Sélection des futurs enseignants accrue – il faut se payer des études jusqu’à Bac+5 – alors même que l’attrait du métier s’érode : rien de tel pour saboter le recrutement.

D’autant que la professionnalisation en a pris un coup. La formation en IUFM offrait un minimum de connaissances pour gérer la ou les deux classes dont le stagiaire avait la charge. Désormais, non seulement le master « enseignement » est bidon, mais n’importe quel master fait l’affaire, du moment que l’on réussit le concours.
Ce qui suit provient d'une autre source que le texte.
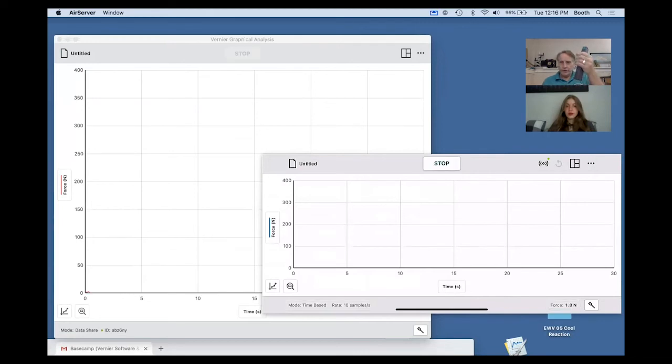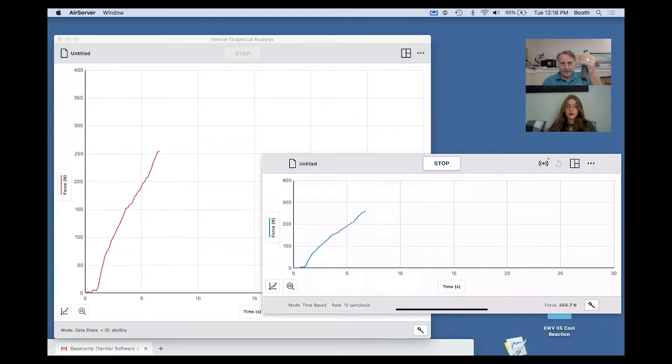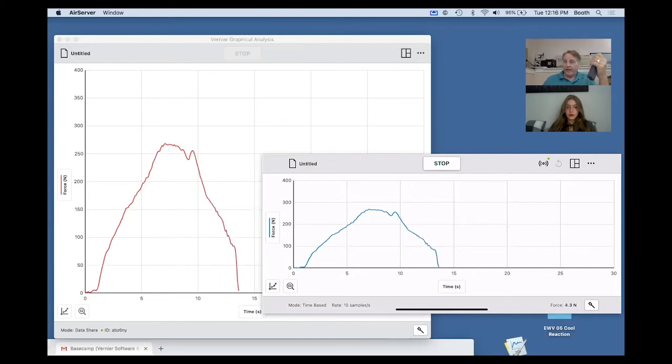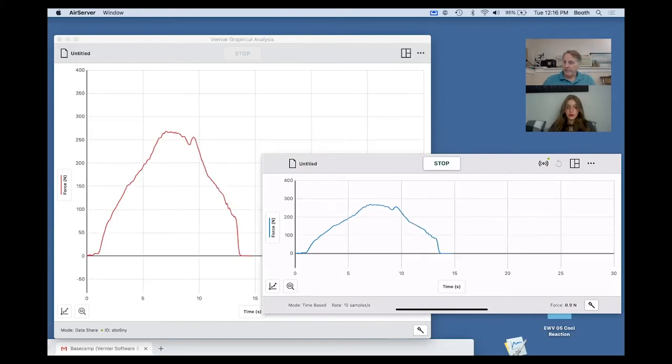So I hit collect, and then if I start to squeeze, I'm squeezing, but you see how they're both going there together. That's actually connected over the internet there. Maybe I get tired, and I hit stop.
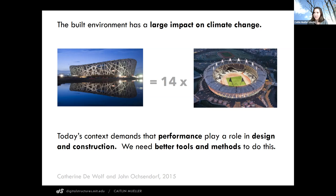Too often today we don't really have a good sense of how buildings are performing, how they're relating to climate change, what their environmental footprint is. We need to assess that during the design process so that we make good decisions to reduce our environmental impact in this really urgent crisis.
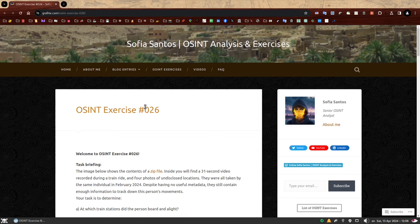Hello, my name is Sofia and this is the walkthrough to OSINT exercise 026. On my website you can find a number of OSINT exercises to practice these skills. If you have not attempted to solve this one yet, you can find the link in the description and give it a go first. If you're here because you have completed all of it, well done — you should be very proud, that was a hard one. If you're here because you want to find out how to solve it, I hope you find this video useful.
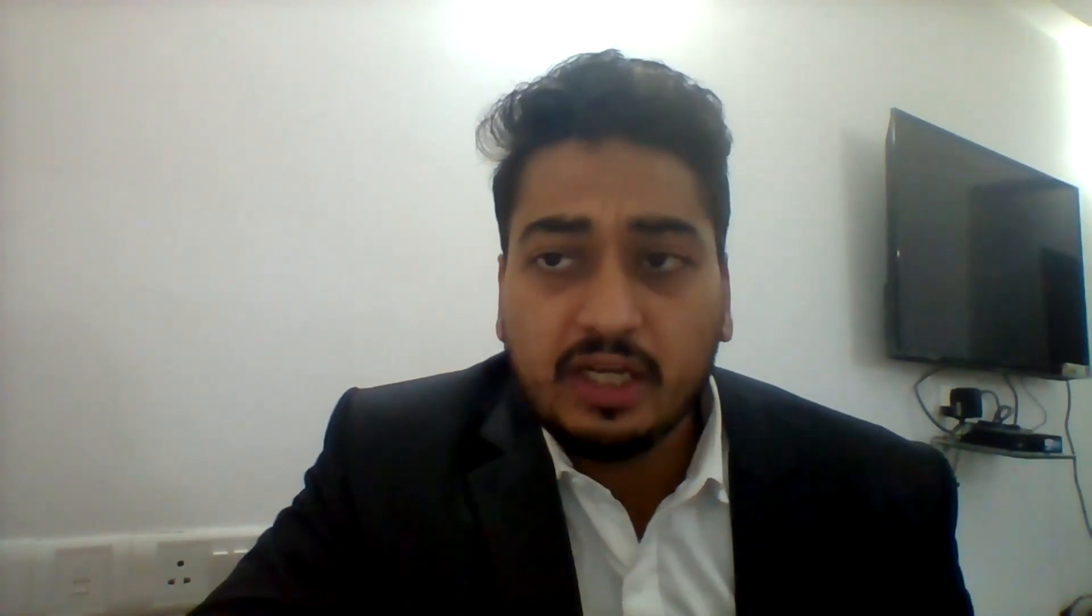As we all know the mains result is about to come and after that we have to start our preparation for personality test. In personality test communication plays a key role and within communication there are two parts to it: one is verbal communication and one is non-verbal communication. What I feel is that verbal communication yes is very important but at the same time the relevance of non-verbal communication is very much.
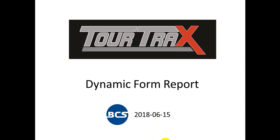Hello, we're going to introduce a new Tooltrax function called Dynamic Form Report.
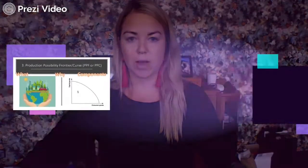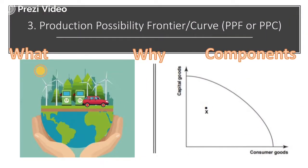Today we're going to look at our next model: the production possibility frontier. Please have your task checklist and learning textbook handy. This model is called the PPF, or sometimes PPC — where instead of frontier it's called the curve. In this PowerPoint we're going to look at what it is, why we use it, and the different components of it.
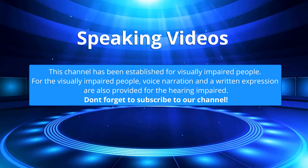This channel has been established for visually impaired people. For the visually impaired people, voice narration and a written expression are also provided for the hearing impaired. Don't forget to subscribe to our channel.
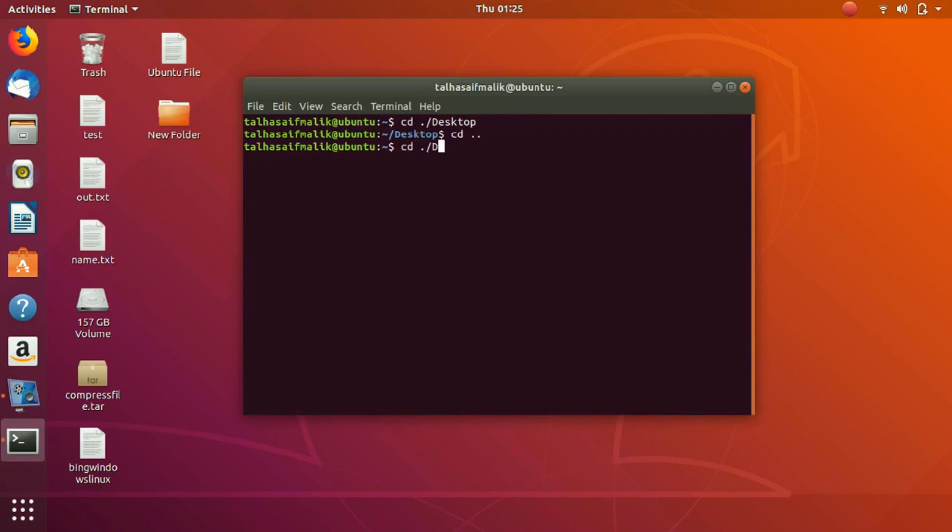Now if we hit tab on our keyboard, we would get three possibilities that are in this directory: Desktop, Documents, and Download.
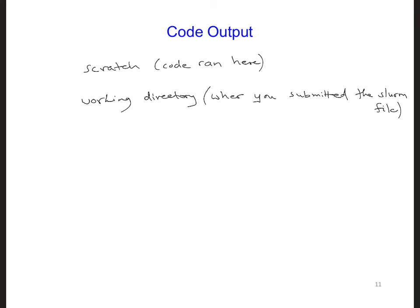You can find the output in the scratch directory because that's where the code ran and that's where the output was generated. Then you can find the output also in the working directory because at the end of the slurm submission file, if you look at what's there, we have copy.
Les stagiaires de l’an dernier se sont formés eux-mêmes, en autodidactes – un comble pour des professeurs ! – au risque de privilégier les recettes « efficaces », celles qui permettent de « tenir » face à des jeunes prompts à repérer l’enseignant fragile, au détriment de la réflexion, des tâtonnements, qui exposent davantage, certes, mais sont indispensables pour transmettre les connaissances ou le goût du savoir autrement que par l’intimidation ou la contrainte.

Les premiers à en subir les conséquences, hormis les professeurs eux-mêmes, sont naturellement les élèves.

Léo BASERLI


[1La convention collective des professeurs du privé est plus généreuse : elle attribue deux heures de préparation pour une heure de cours, soit une semaine de travail de 54 heures.